[MATERIAL PROVIDED]

◇ ◇ ◇ ◇

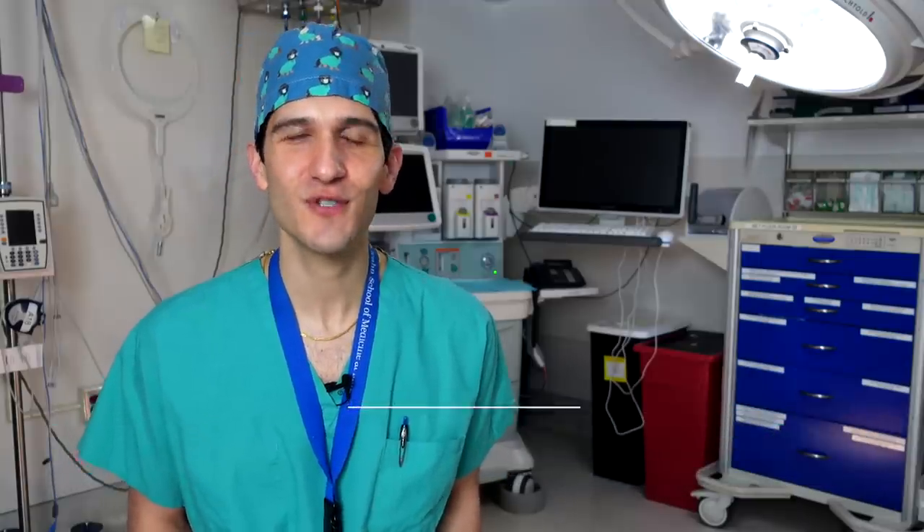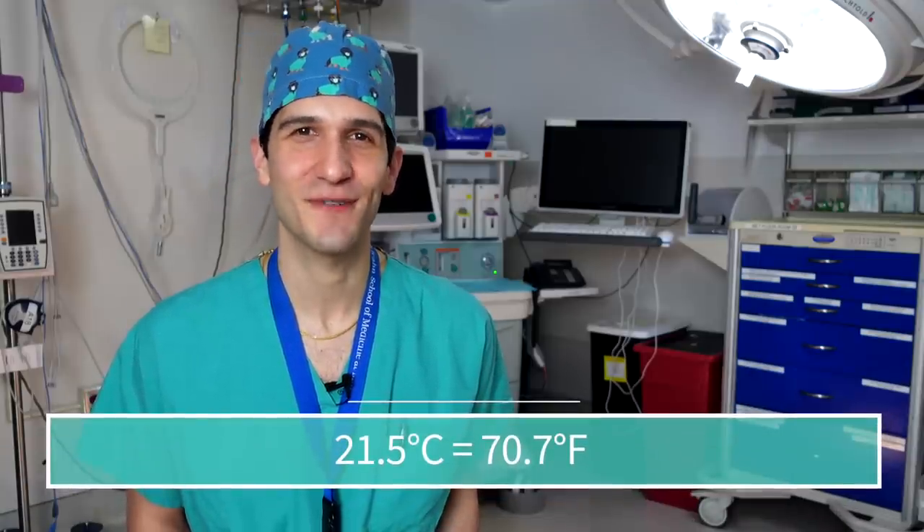Believe it or not, measures of performance of the surgical team and the anesthesia team have actually been studied under different environmental temperatures in the operating room. Unsurprisingly, people feel their performance is not as good when they're uncomfortably hot and they feel frustrated. But on objective measures of performance, there's actually no difference between feeling uncomfortably hot versus just comfortable. It was found that surgeons have an optimal operating room temperature of 19 degrees Celsius, while anesthesiologists prefer 21.5 degrees Celsius.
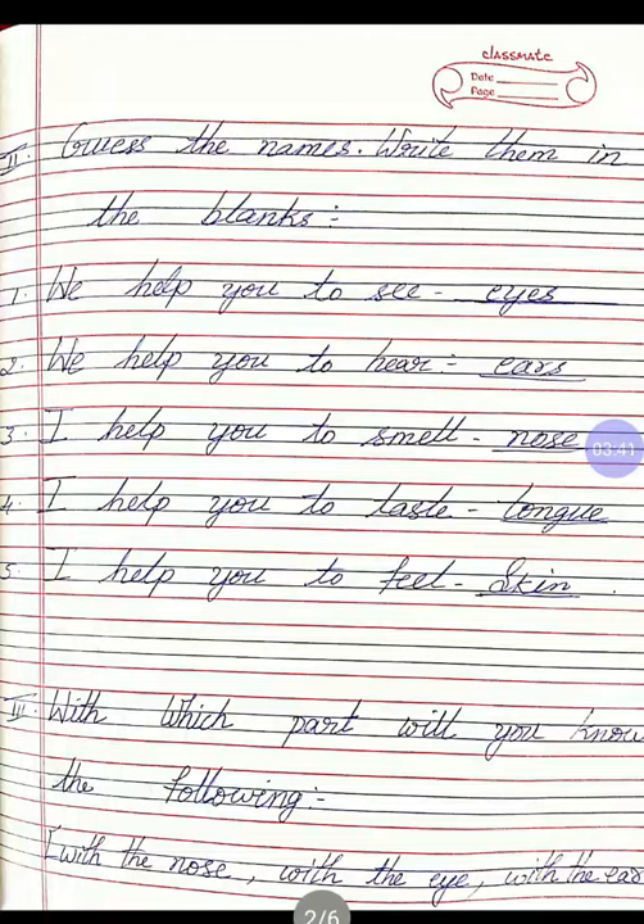Once again, I will read. We help you to see — eyes. We help you to hear — ears. I help you to smell — nose. I help you to taste — tongue. I help you to feel — skin. Once again, the spellings: E-Y-E-S, eyes. E-A-R-S, ears. N-O-S-E, nose. T-O-N-G-U-E, tongue. S-K-I-N, skin.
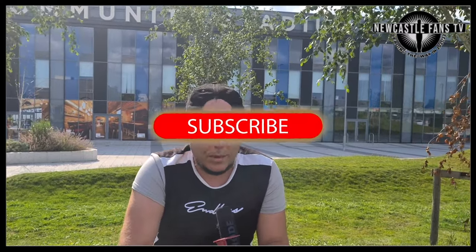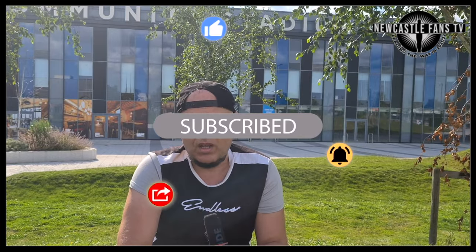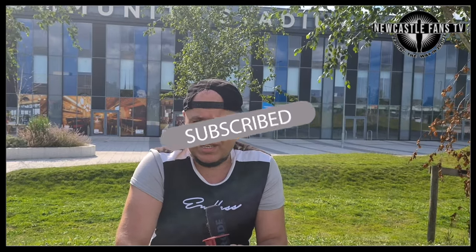There are loads and loads of questions to come from today. I want to know what you think in the comments below. Go over and have a look at the match reaction I did earlier, and have a look at NFTV Extra. See you all later, everyone - bye!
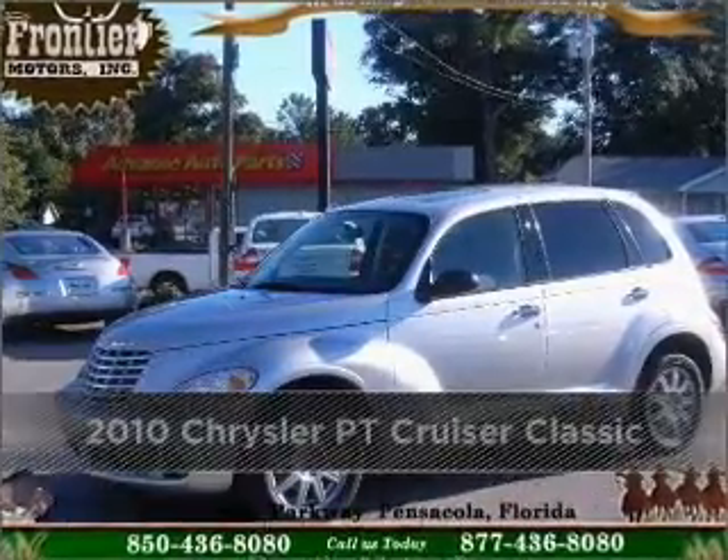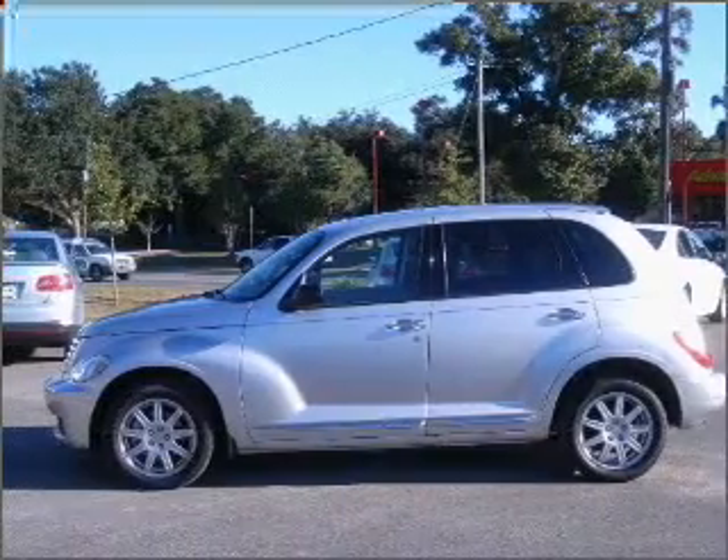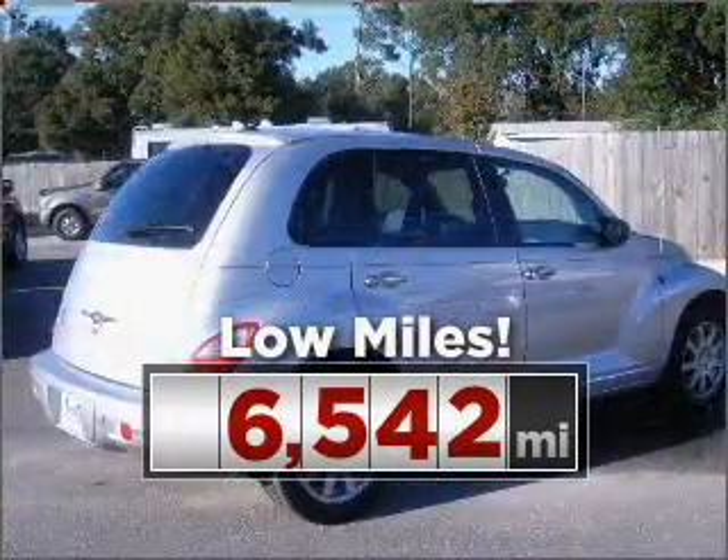Proudly presenting this 2010 Chrysler. This vehicle will more than meet your needs. This ride is like new and will go the distance with low mileage under the hood.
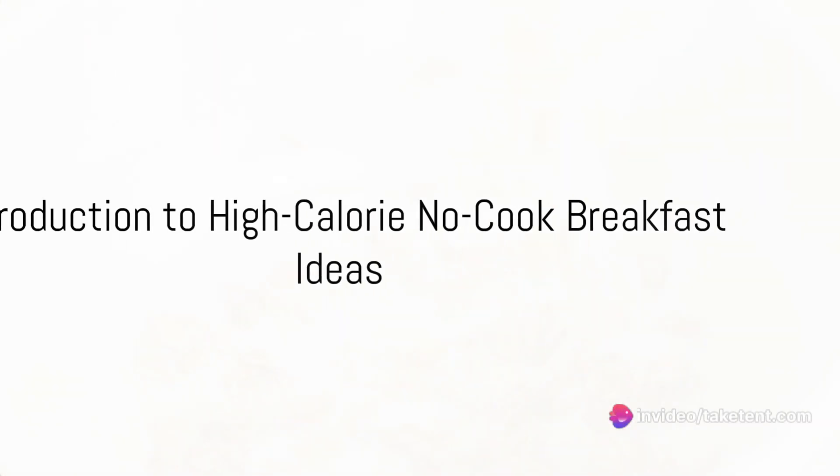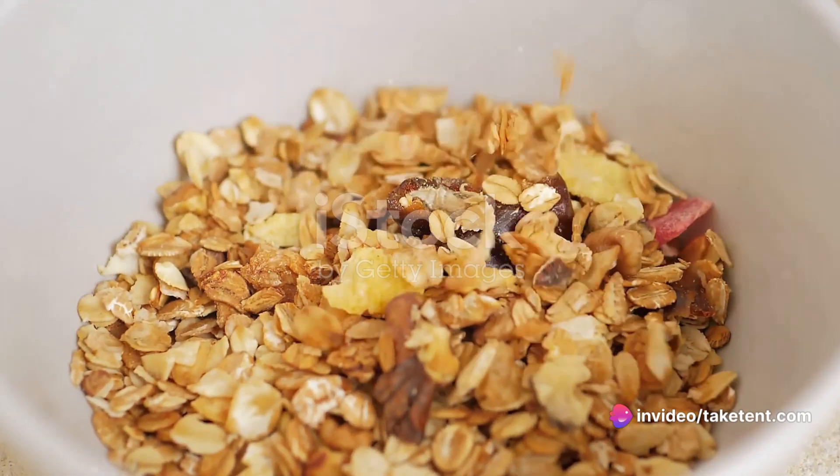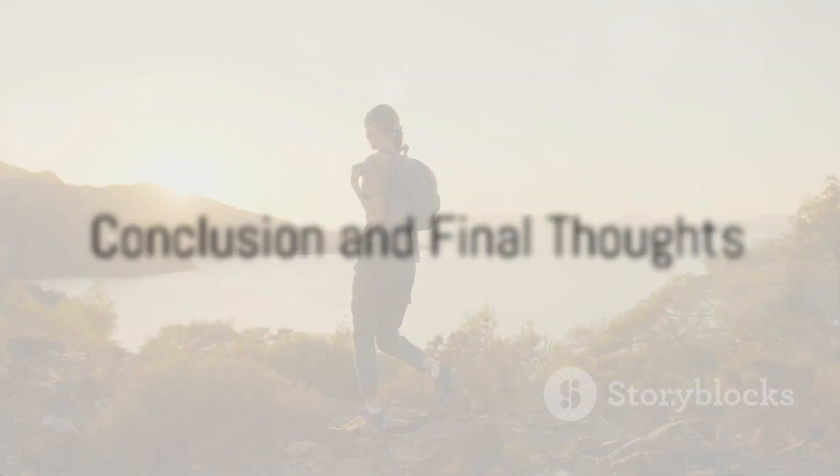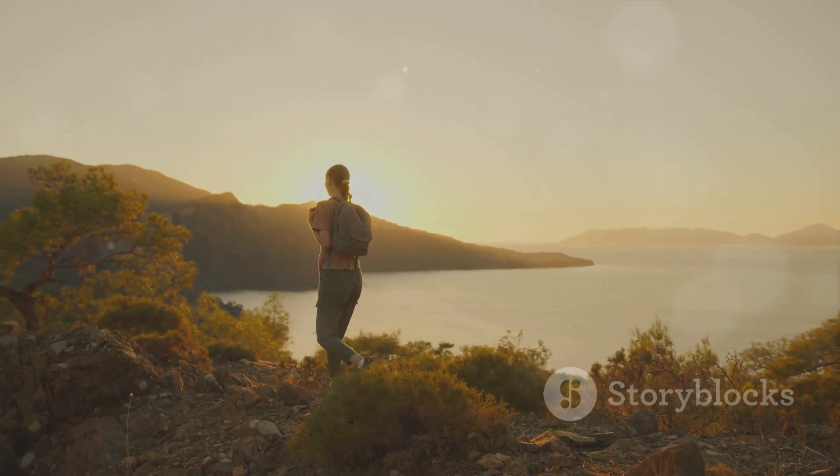Dried fruit and coconut flakes make for a delicious, nutrient-dense breakfast that's perfect for the trail. In conclusion, the Pacific Crest Trail (PCT) is an exhilarating adventure that requires proper nutrition for sustained energy.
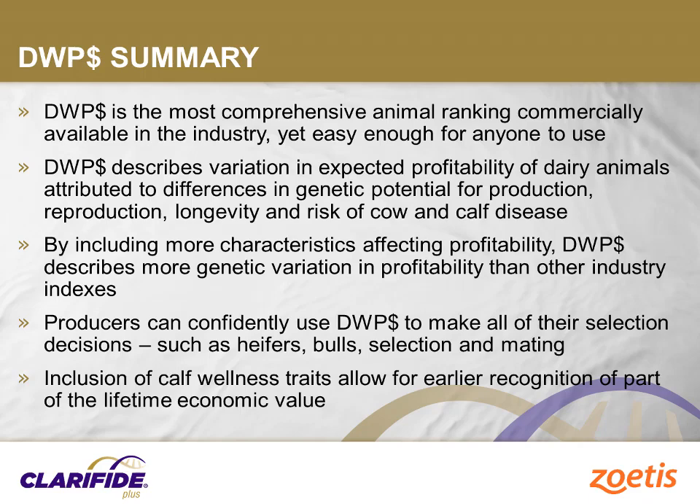In conclusion, Daily Wellness Profit Index, as part of Clarify Plus, is a comprehensive genetic test and ranking tool that can help you achieve a more healthy, productive, and profitable herd. Please contact your Zoetis representative or go to dailywellness.com or clarifyplus.com for more information about how Clarify Plus can help you achieve your desired outcomes as part of an overall daily wellness plan.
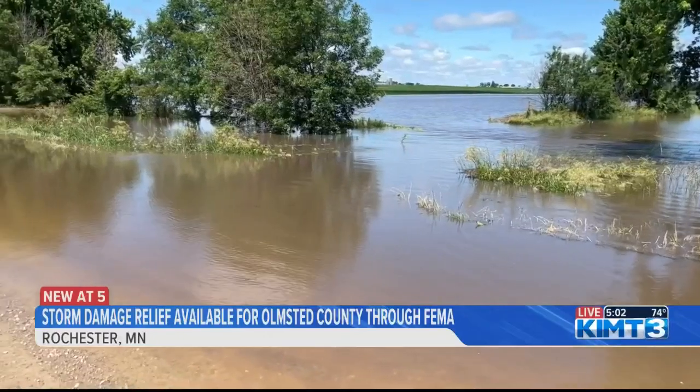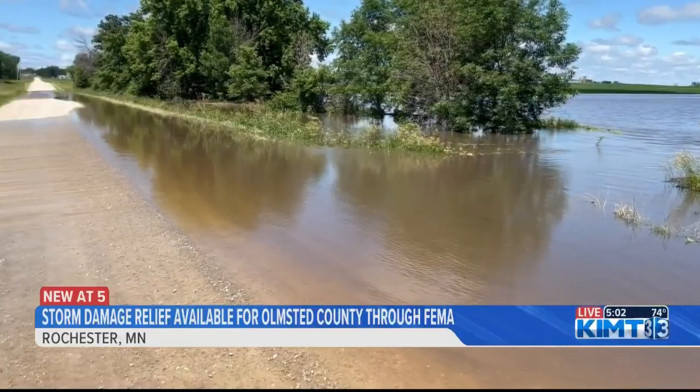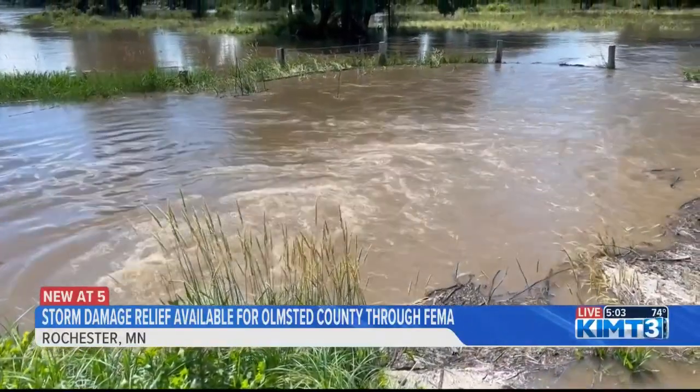The photos have to be time-stamped, and receipts are a big help. The deadline to apply for FEMA assistance is 5 p.m. this Friday. In Rochester, Maureen Dudley, KIMT News 3.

◇ ◇ ◇ ◇

[PROBLEM]
In the data, the line that contains "There are loads" begins the part to write out; restate it and each line after it word for word through the end, with no pictures.

[OUTPUT OF THE TASK]
There are loads and loads of questions to come from today. I want to know what you think in the comments below. Go over and have a look at the match reaction I did earlier, and have a look at NFTV Extra. See you all later, everyone - bye!
Proudly presenting this 2010 Chrysler. This vehicle will more than meet your needs. This ride is like new and will go the distance with low mileage under the hood.
Dried fruit and coconut flakes make for a delicious, nutrient-dense breakfast that's perfect for the trail. In conclusion, the Pacific Crest Trail (PCT) is an exhilarating adventure that requires proper nutrition for sustained energy.
In conclusion, Daily Wellness Profit Index, as part of Clarify Plus, is a comprehensive genetic test and ranking tool that can help you achieve a more healthy, productive, and profitable herd. Please contact your Zoetis representative or go to dailywellness.com or clarifyplus.com for more information about how Clarify Plus can help you achieve your desired outcomes as part of an overall daily wellness plan.
The photos have to be time-stamped, and receipts are a big help. The deadline to apply for FEMA assistance is 5 p.m. this Friday. In Rochester, Maureen Dudley, KIMT News 3.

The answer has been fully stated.